Pour la première fois, les dirigeants allemand et français étaient accueillis simultanément par le groupe de Visegrad, un club diplomatique informel qui réunit la Pologne, la République tchèque, la Slovaquie et la Hongrie depuis une vingtaine d'années pour renforcer leur intégration dans l'Union européenne et l'Otan.

Ce sommet visait à préparer un Conseil européen qui sera consacré en décembre au renforcement de l'Europe de la défense.

Pour les six pays réunis mercredi, l'Europe doit permettre de mutualiser et de coordonner l'effort de défense européen, y compris en matière industrielle. Mais au-delà, ont encore déclaré les ministres de la Défense, "l'Otan et l'UE devraient coopérer de près, de manière à ce que leurs initiatives se complètent et se renforcent mutuellement (...) sans doubler inutilement leurs efforts".

"Il est évident aujourd'hui que personne ne peut tout faire tout seul, mais que nous voulons prendre ensemble la responsabilité de notre sécurité européenne", a déclaré Angela Merkel, soulignant la nécessité de "renforcer" la coopération sur l'Europe de la Défense. "Je ne peux que soutenir", la déclaration des ministres de la Défense, a-t-elle affirmé.

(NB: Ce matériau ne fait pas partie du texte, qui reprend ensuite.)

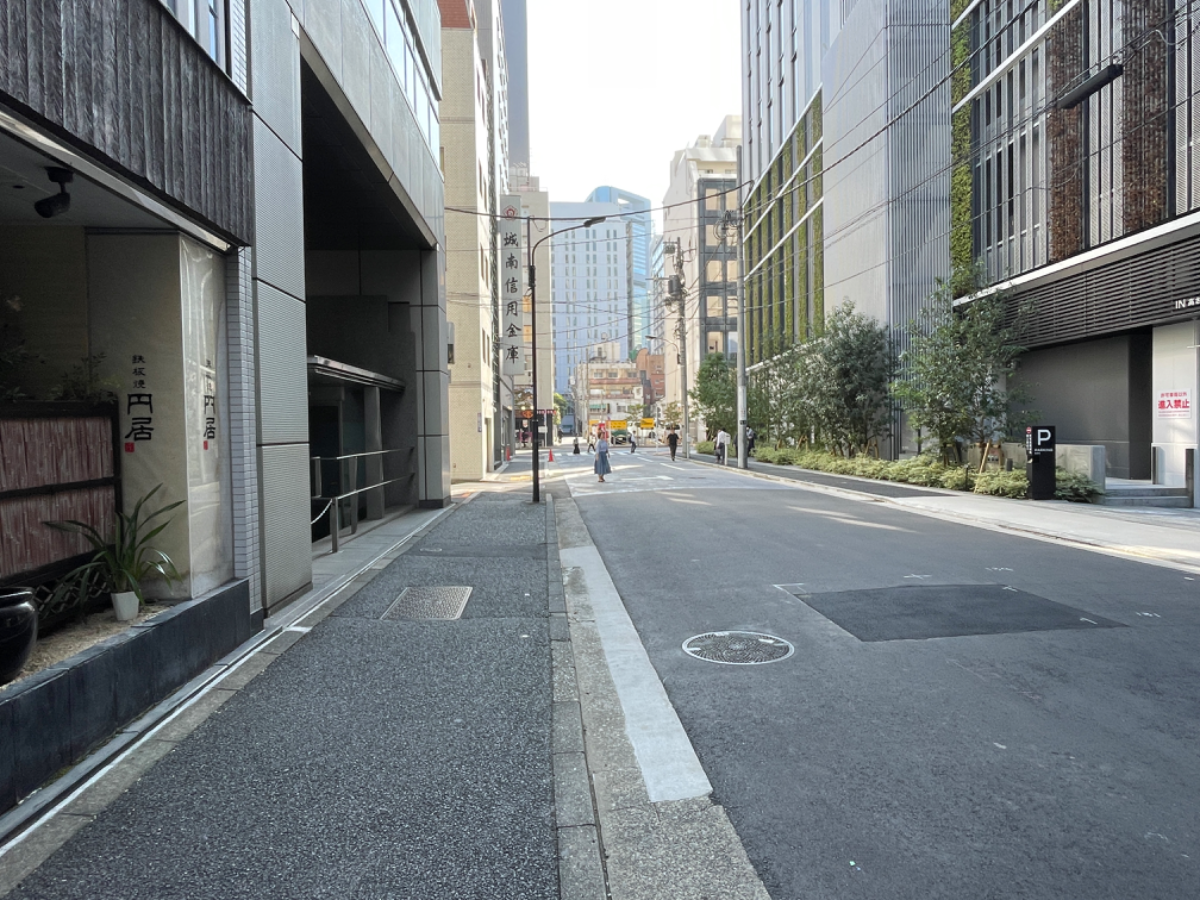 fresh/building/J00100385908_9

"Si les budgets militaires diminuent, les menaces, elles, augmentent. Il faut donc de la solidarité, de la mutualisation, une stratégie", a plaidé en écho François Hollande.

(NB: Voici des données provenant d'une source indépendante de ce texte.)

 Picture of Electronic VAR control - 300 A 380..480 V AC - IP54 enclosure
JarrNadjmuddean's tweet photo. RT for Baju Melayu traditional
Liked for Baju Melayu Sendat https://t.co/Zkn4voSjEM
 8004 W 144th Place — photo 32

Dans l'entourage du président français, on précise qu'il s'agit "d'identifier les lacunes" capacitaires de l'Europe de la défense en tirant les leçons des opérations menées ces dernières années en Afrique ou dans les Balkans. Il s'agit aussi de poursuivre la réflexion sur une "base industrielle et technologique de défense" commune, considérée à Paris comme "un enjeu d'indépendance technologique".

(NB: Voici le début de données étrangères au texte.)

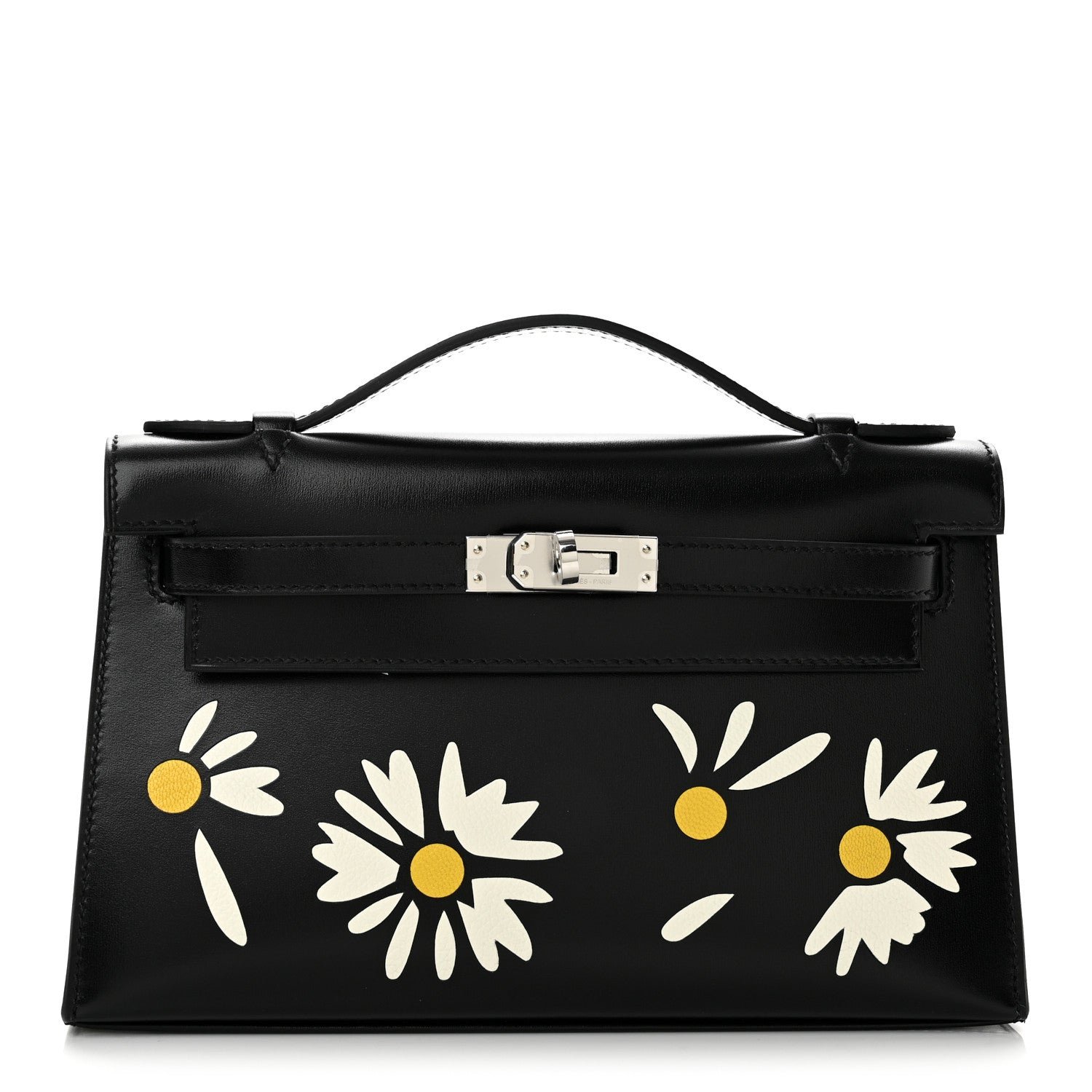 Fashionphile product image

L'Europe ne consacre plus que 1,6% de son PIB à sa défense contre 5% pour les Etats-Unis. En 2011, les dépenses militaires sont tombées dans l'UE à environ 180 milliards d'euros contre plus de 200 milliards il y a cinq ans.

Paris soutient depuis de longues années qu'"il n'y a pas de contradiction entre Europe de la défense et Otan". Mais les anciens pays de l'est soulignent que leur défense collective est assurée par l'Alliance atlantique, l'Europe n'ayant pas vocation a garantir leur sécurité contre une agression extérieure.

Quant à la Grande-Bretagne, qui n'était pas conviée mercredi, elle traine parfois les pieds, soucieuse de préserver sa souveraineté et son lien singulier avec les Etats-Unis. Londres est hostile en particulier à l'idée d'un état-major européen permanent souhaité par Paris.

Au chapitre industriel, l'échec, à l'automne, de la fusion entre l'européen EADS et le britannique BAE Systems restera comme une occasion manquée pour l'Europe de la défense mais la consolidation du secteur est jugée par de nombreux experts plus que jamais nécessaire pour pallier les restrictions budgétaires.

Sur le terrain économique, la chancelière allemande et le Premier ministre polonais Donald Tusk ont par ailleurs appelé les Ving-Sept à adopter avant la fin juin le budget européen des sept prochaines années.